4 Companies -- Investment
                               ||
                Dividend & Interest
                               ||
                Loan to Dinshaw (which was never repaid)


Fact Of The Case
  • The assessee, Sir Dinshaw Manckjee Petit, was a wealthy man enjoying huge income from dividends and interests
  • He formed four private companies and agreed with each to hold a block of the investment as an agent for it.
  • Which I will call Family Companies for convenience of reference, although in fact no other member of his family took any direct benefit thereunder.
  • The names of these 4 companies were:
    1. Petit Limited
    2. The Bombay Investment Company Limited
    3. The Miscellaneous Investment Limited &
    4. The Safe Securities Limited.
  • Each of these companies took over a particular block of investments belonging to the assessee.
  • The schedule showed that of these 498 shares, 254 stood in his name and 200 in the name of his wife and the rest in the name of some 13 other nominees.
  • The 498 shares remain as they were in the safe hands of the assessee of his nominees. So does the income also.

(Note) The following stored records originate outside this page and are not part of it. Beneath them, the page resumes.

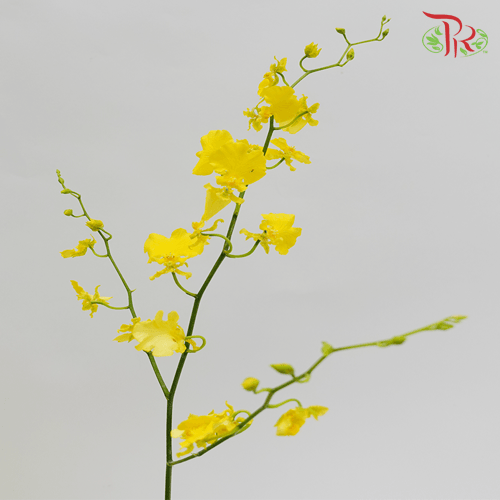 Orchid Oncidium Yellow Lips - (10 Stems)-Yellow-China-prflorist.com.my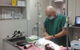 Bayview Vets - thumb 11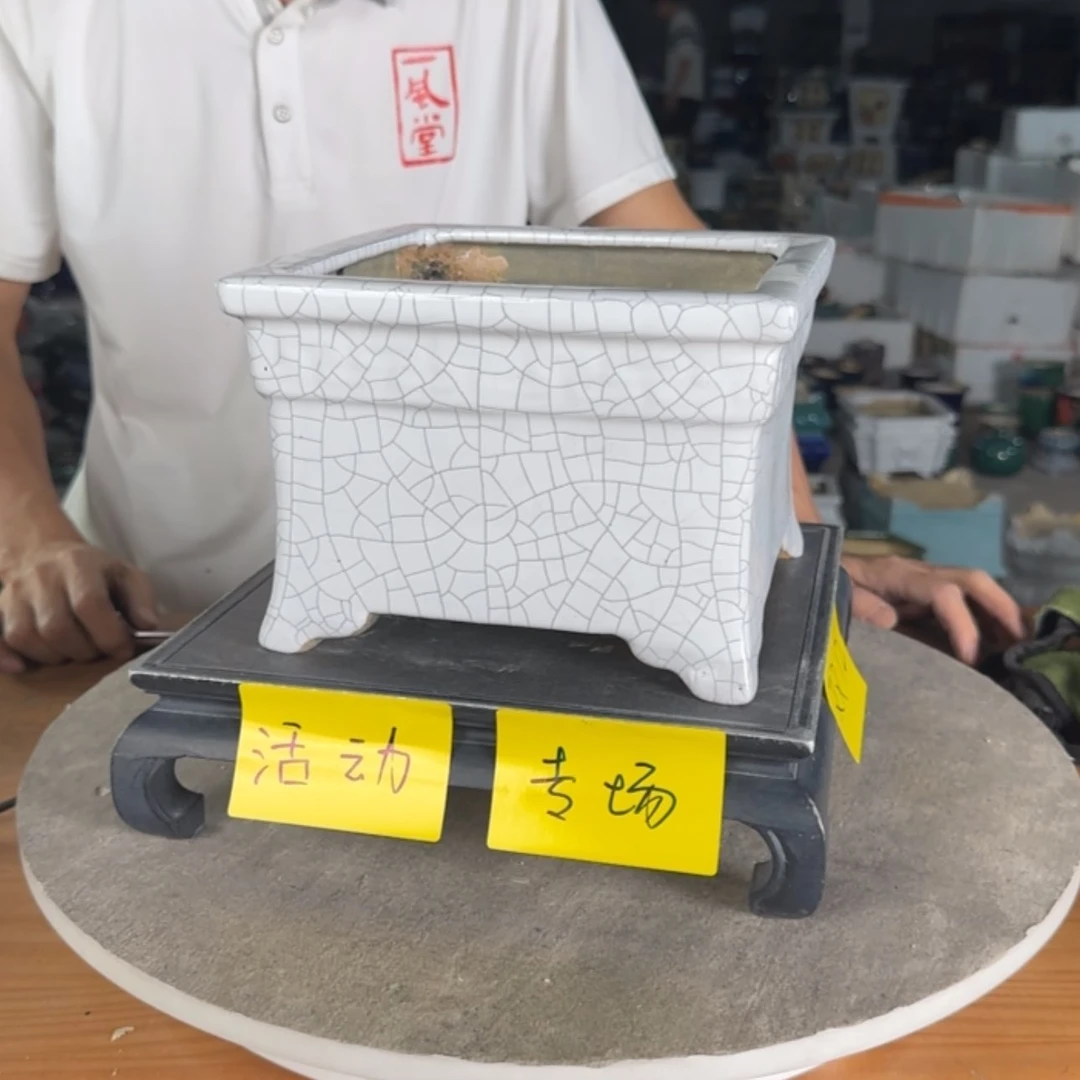 【闪购商品】陶瓷石湾盆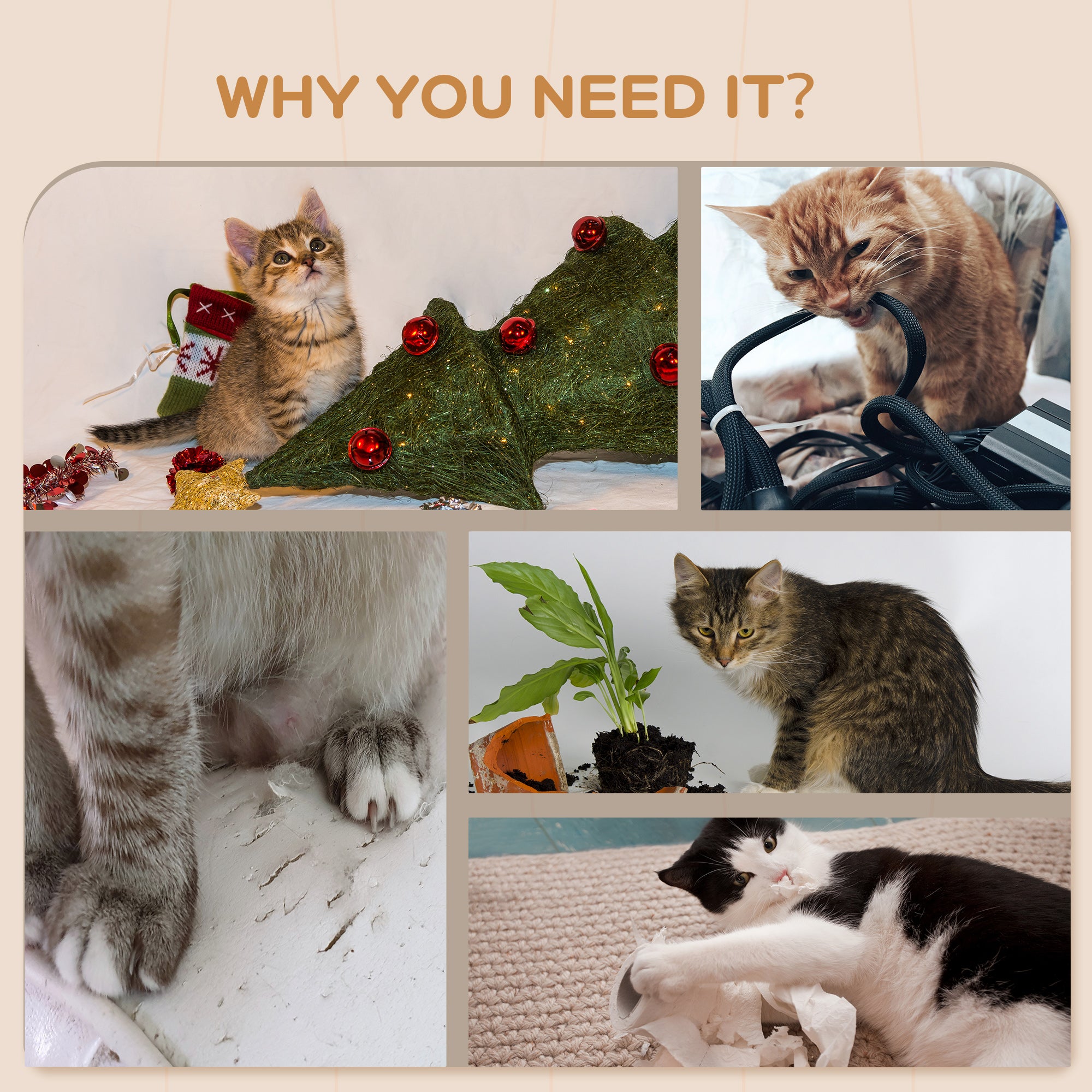 PawHut 4-Piece Cat Wall Shelf Set with Scratching Post, Steps, Bridge, Platforms, Cat Climber Shelves for Indoor Kittens, Light Grey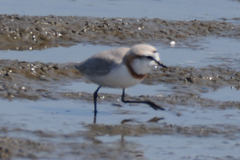 Charadrius pallidus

  • He credited the income received by him in the accounts of the companies and took it back in the form of a pretended loan.
  • The whole idea was to split his income into four parts with a view to evade taxes.
     
Held:
  • The company was formed by the assessee purely and simply as a means to avoid super-tax and the company was nothing more than the assessee himself. It did no business, but was created simply as a legal entity to ostensibly receive the dividends and interests and to hand them over to the assessee as a pretended loan.
  • Whether a company is duly Incorporated under the Companies Act, the court should start with a presumption that it is a separate entity from any individual although that individual may practically hold all the shares of the company. But it would not necessarily follow that every alleged transaction between such an individual and the company would be valid and genuine.
  • The court is empowered to go into the question as to whether the so-called one man company is really a business carried on by the assessee himself for the purpose of avoiding payment of tax.
  • It was held by MARTEN CJ that,
    " The company was formed by the assessee purely and simply as a means of avoiding supertax and the company was nothing more than the assessee himself. It did not make any business but was created simply as a legal entity to ostensibly receive the dividends and interests and to hand them over to the assessee as pretended loans."
  • The company was created him merely so that he could make entries in the company's books suggesting that it received the interests and dividends and paid them as loans while in reality the receipt of the dividends and interest, if it can be called the business of the company, was its only business and was in fact the business of the assessee himself.
  • Under given circumstances company cannot be regarded as carrying on its business separate from that of the assessee. The money received by the assessee will be regarded as dividends paid by the company. There were no genuine loans but merely withdrawals of income disguised as loans.
  • It was held that the company was not a genuine company at all but merely he assessed himself disguised under the legal entity of a limited company. The business was not the business of the company but of the assessee himself, and that the alleged loans were not genuine loans.